◆ What you need to do: Set down the lines below, exactly, starting at the one that contains "शस्त्र पूजा के" and stopping at the last line, inclusive. Omit pictures.

Data provided START

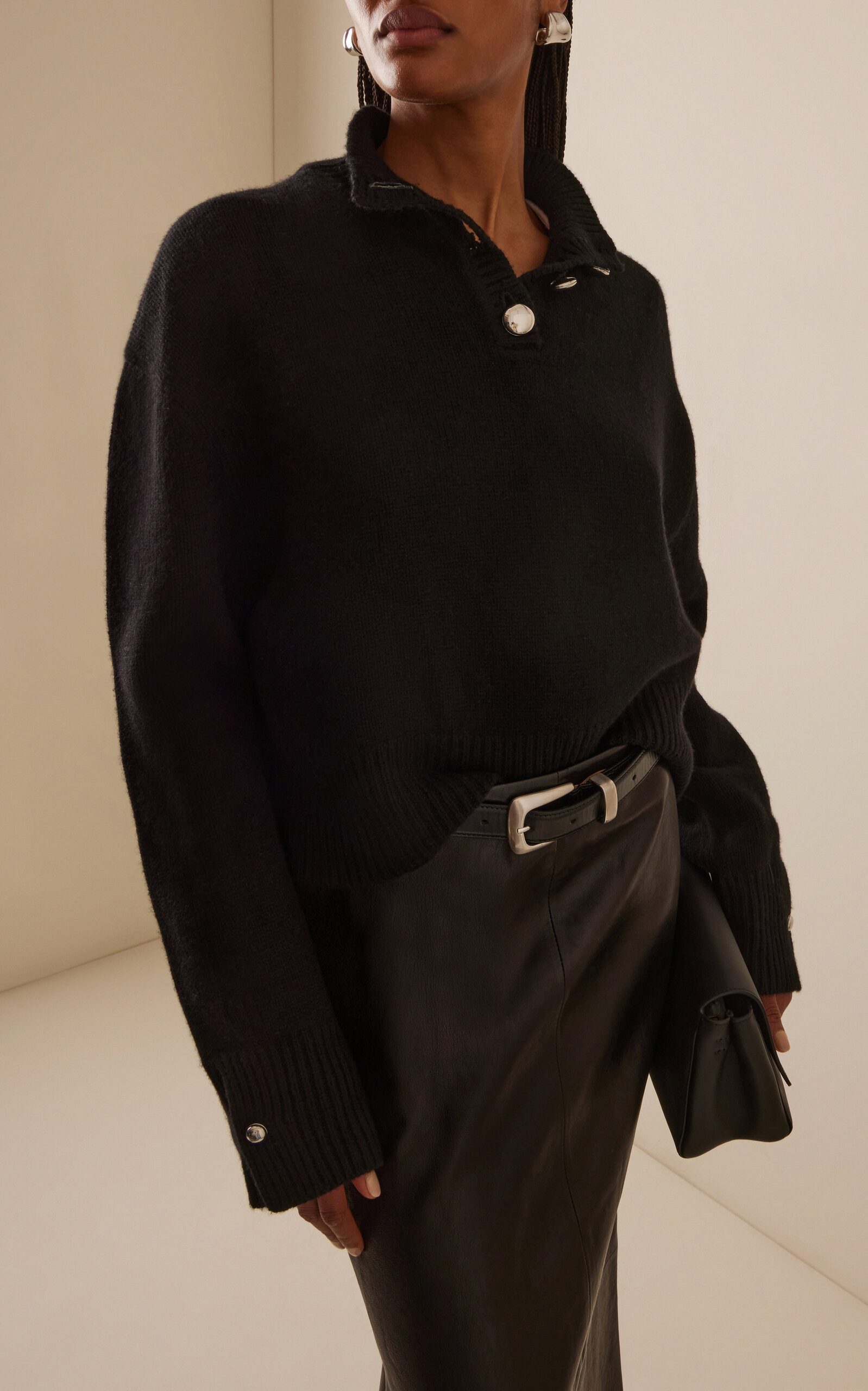 The Rowe Cropped Cashmere Henley Sweater black - 3
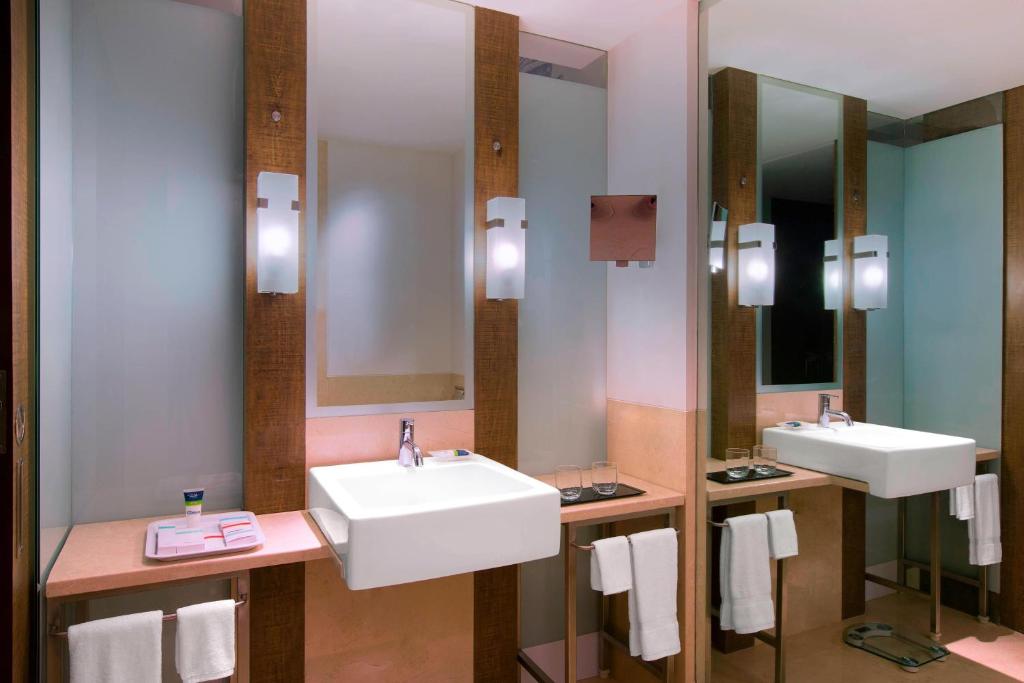Koupelna v ubytování Four Points by Sheraton Bengaluru Whitefield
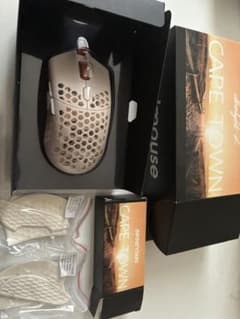 Finalmouse Ultralight 2 Cape Town 本体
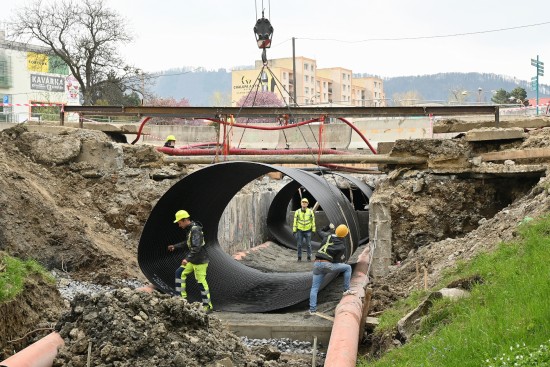 V rámci výměny zatrubnění Kopřivničky byly na místo usazeny první části tubosideru, kterým bude nejpozději letos na podzim potok protékat v úseku od hotelu Tatra po ZŠ Milady Horákové.
FOTO: DAVID MACHÁČEK
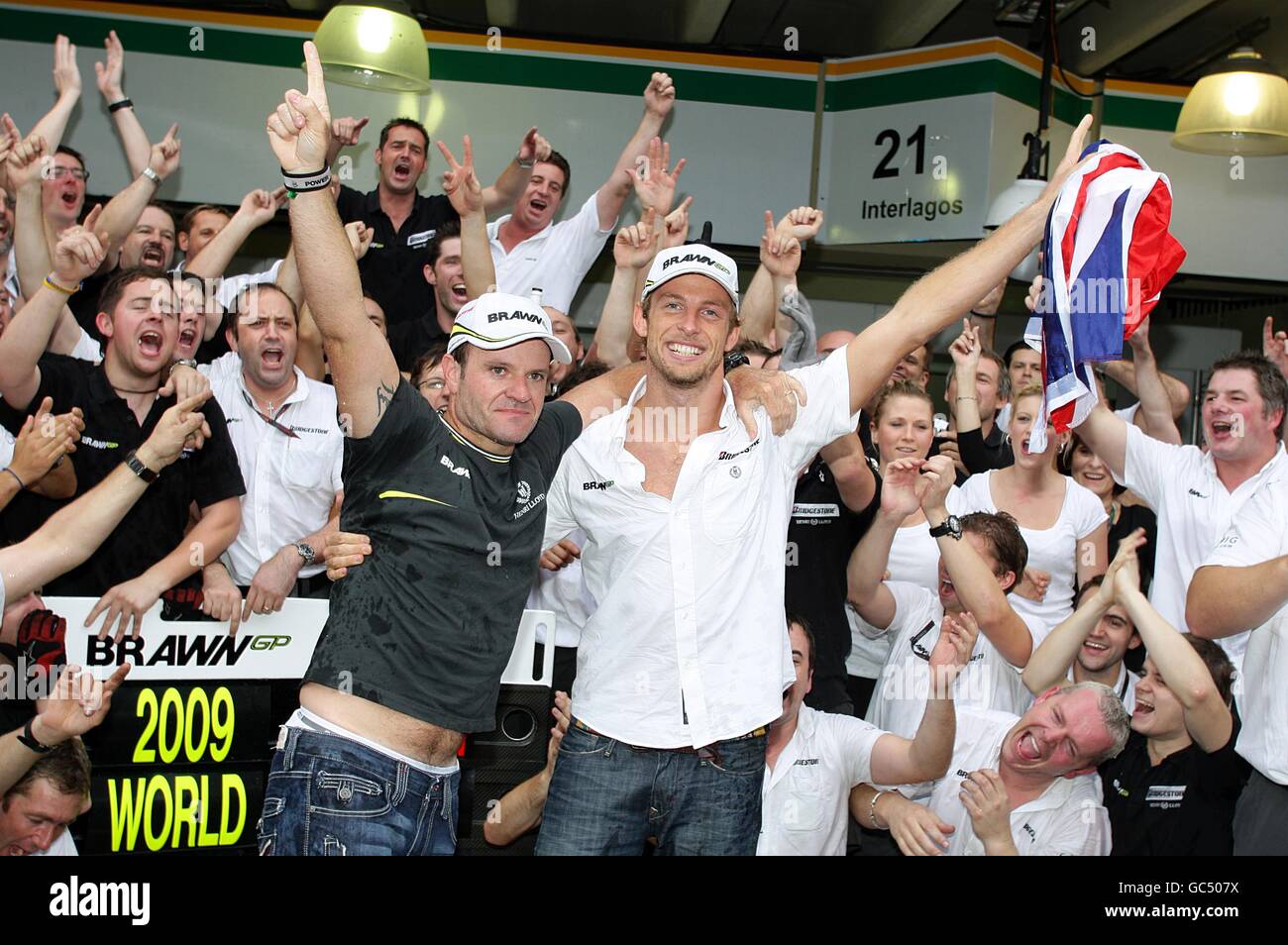 Jenson Button (al centro) festeggia con il compagno di squadra Rubens Barrichello (a sinistra del centro) e l'equipaggio Brawn GP mentre festeggiano la vittoria dei costruttori e dei piloti al Gran Premio di Brasile a Interlagos, San Paolo Foto Stock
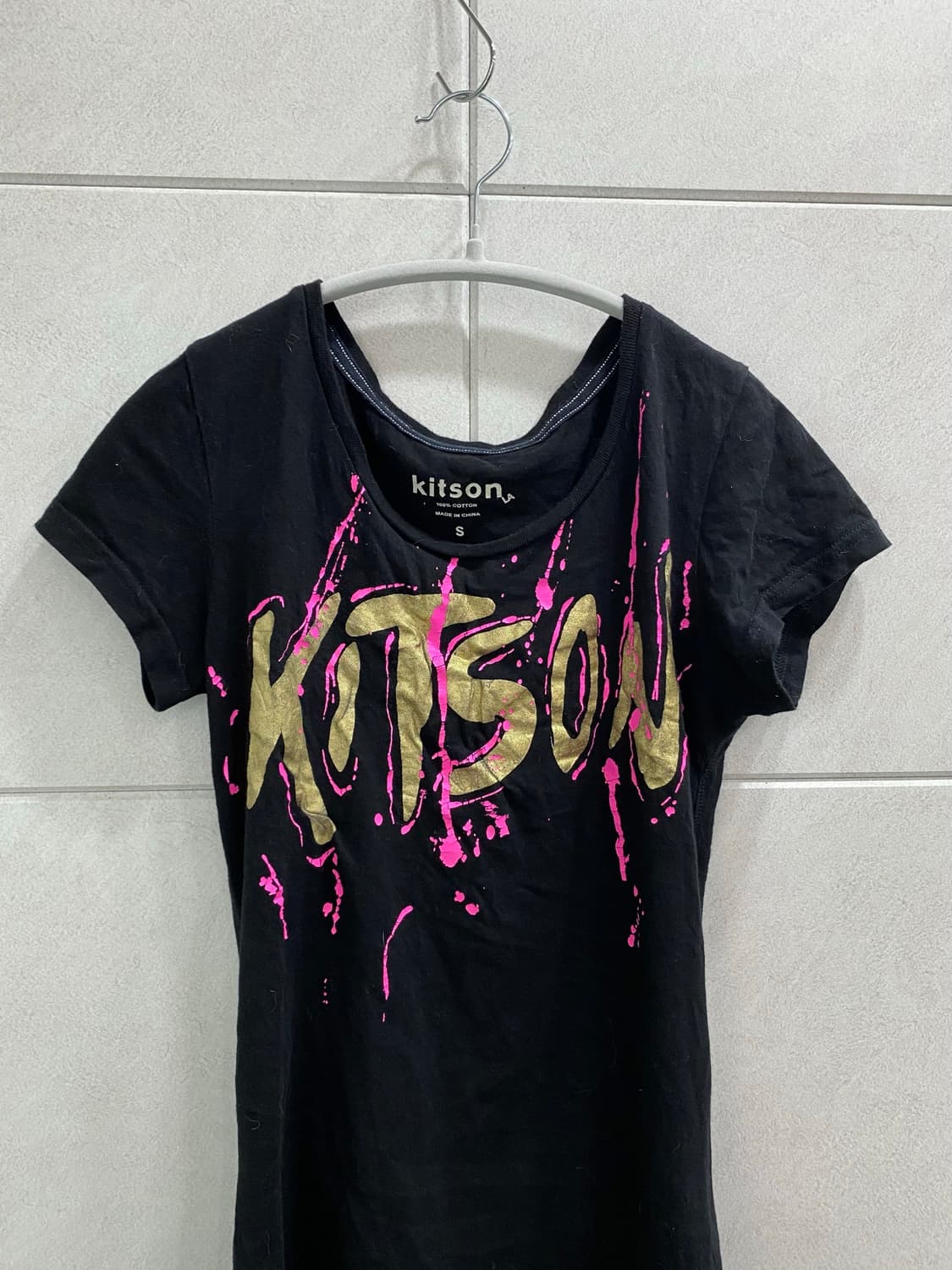 2000s Y2K Kitson Print Slim Fit Tee 상품이미지2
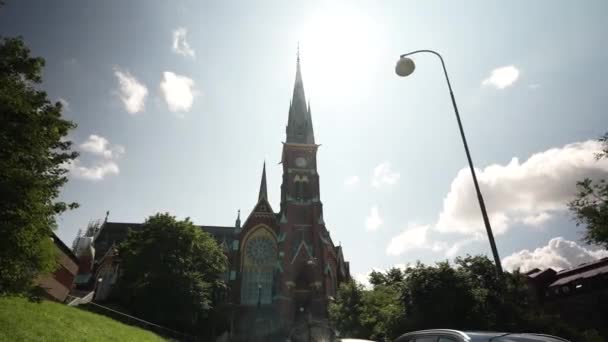 オスカー フレデリック教会の6世は 1893年4月2日にエドヴァルド ハーマン ロヒド司教によって建てられ オスカー フレデリック教会とその背景にある美しい都市を眺めています — ストック動画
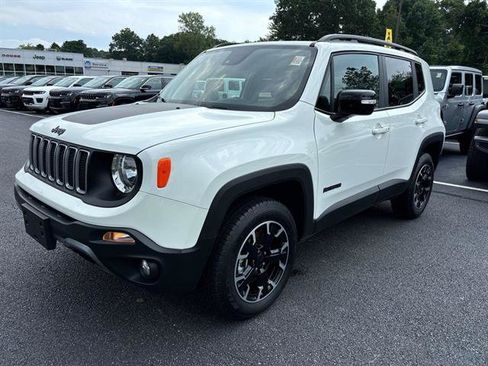 Used 2023 Jeep Renegade Latitude w/ Sun/Sound Group AWD/4WD image 7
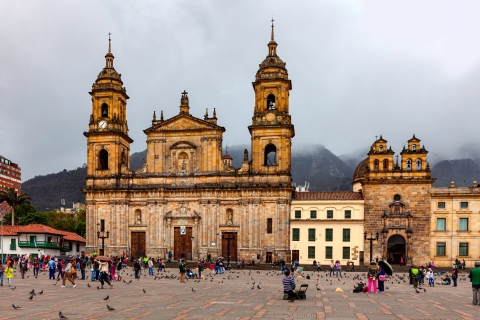 Bogotá: Visita Religiosa GuiadaOpción Estándar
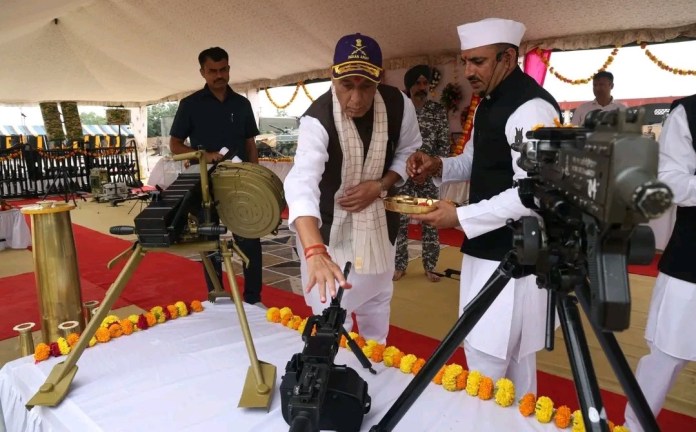 शस्त्र पूजा के साथ ही रक्षामंत्री राजनाथ सिंह ने पाकिस्तान को दे दी खुली चेतावनी, कहा-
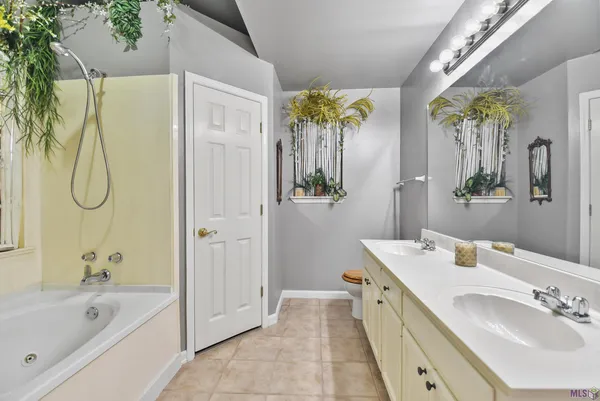 $273,900 | 10290 Lake Park Avenue, Gonzales, LA 70737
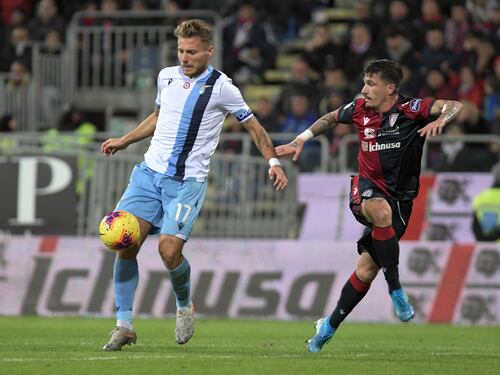 La Lazio vince in rimonta al 98': Cagliari 1-2. Juventus e Inter nel mirino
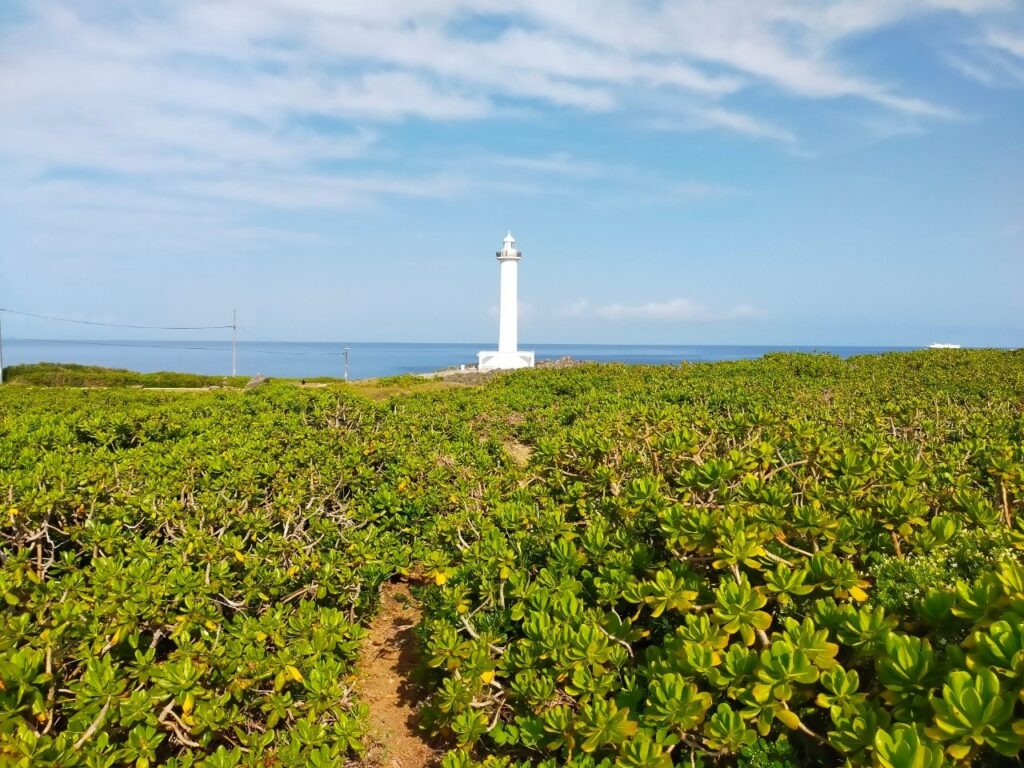 残波岬の遊歩道から見た灯台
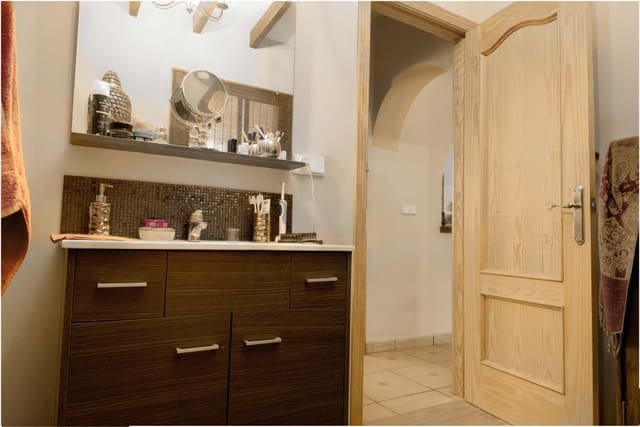 4 sovrum Finca/Hus på landet till salu i Canillas de Albaida med pool - 359 000 € (Ref: 9312424)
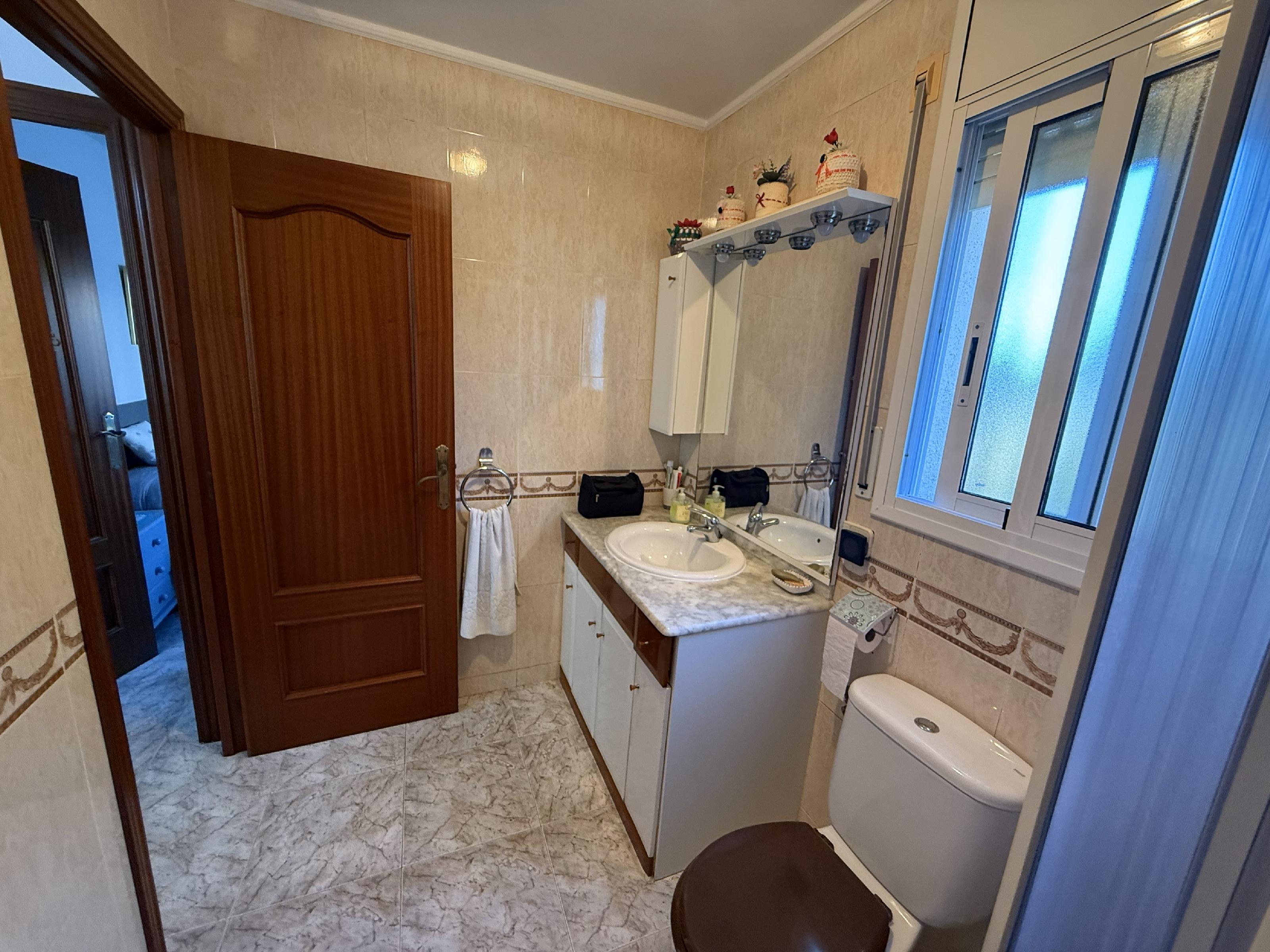 Imagen 15 Casa Aislada en venta en Bisbal Del Penedès La / Urb el priorat de la bisbal del Penedes.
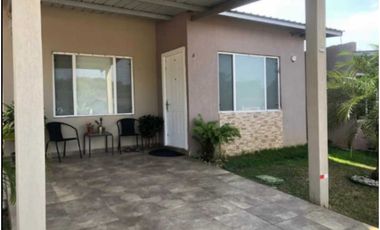 ALQUILO CASA EN ARRAIJAN COLINAS DE EVA 3R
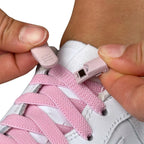 Elastische veters zonder strikken plat 9mm magnetische sluiting roze detailfoto van hoe de sluiting werkt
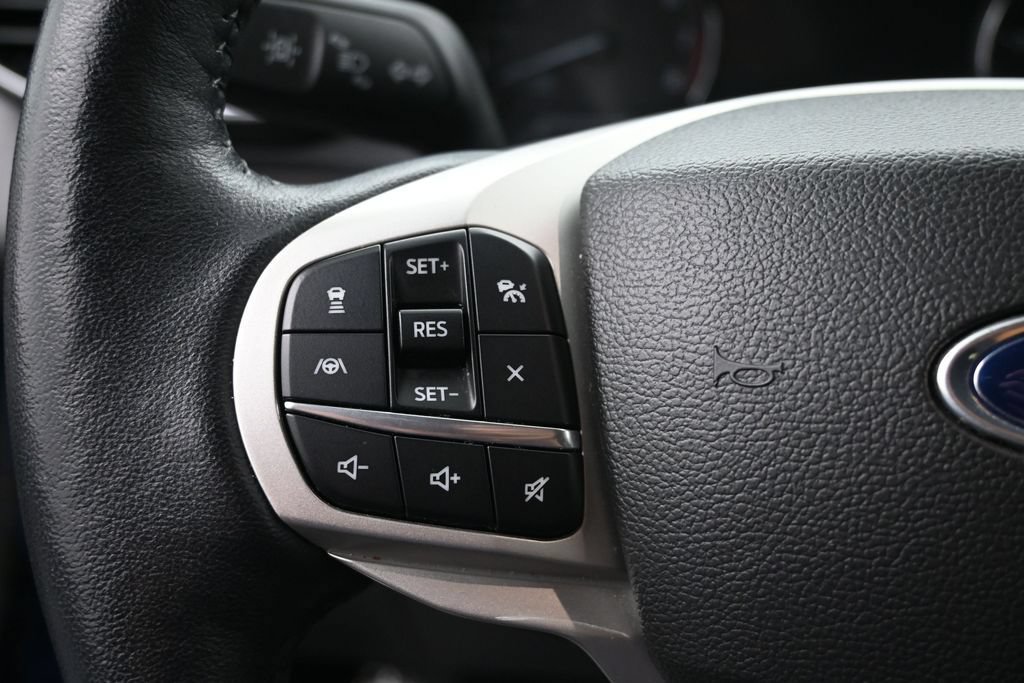 Used 2023 Ford Explorer Limited AWD/4WD image 26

Data provided END

◆ Output of the task:
 शस्त्र पूजा के साथ ही रक्षामंत्री राजनाथ सिंह ने पाकिस्तान को दे दी खुली चेतावनी, कहा-
 $273,900 | 10290 Lake Park Avenue, Gonzales, LA 70737
 La Lazio vince in rimonta al 98': Cagliari 1-2. Juventus e Inter nel mirino
 残波岬の遊歩道から見た灯台
 4 sovrum Finca/Hus på landet till salu i Canillas de Albaida med pool - 359 000 € (Ref: 9312424)
 Imagen 15 Casa Aislada en venta en Bisbal Del Penedès La / Urb el priorat de la bisbal del Penedes.
 ALQUILO CASA EN ARRAIJAN COLINAS DE EVA 3R
 Elastische veters zonder strikken plat 9mm magnetische sluiting roze detailfoto van hoe de sluiting werkt
 Used 2023 Ford Explorer Limited AWD/4WD image 26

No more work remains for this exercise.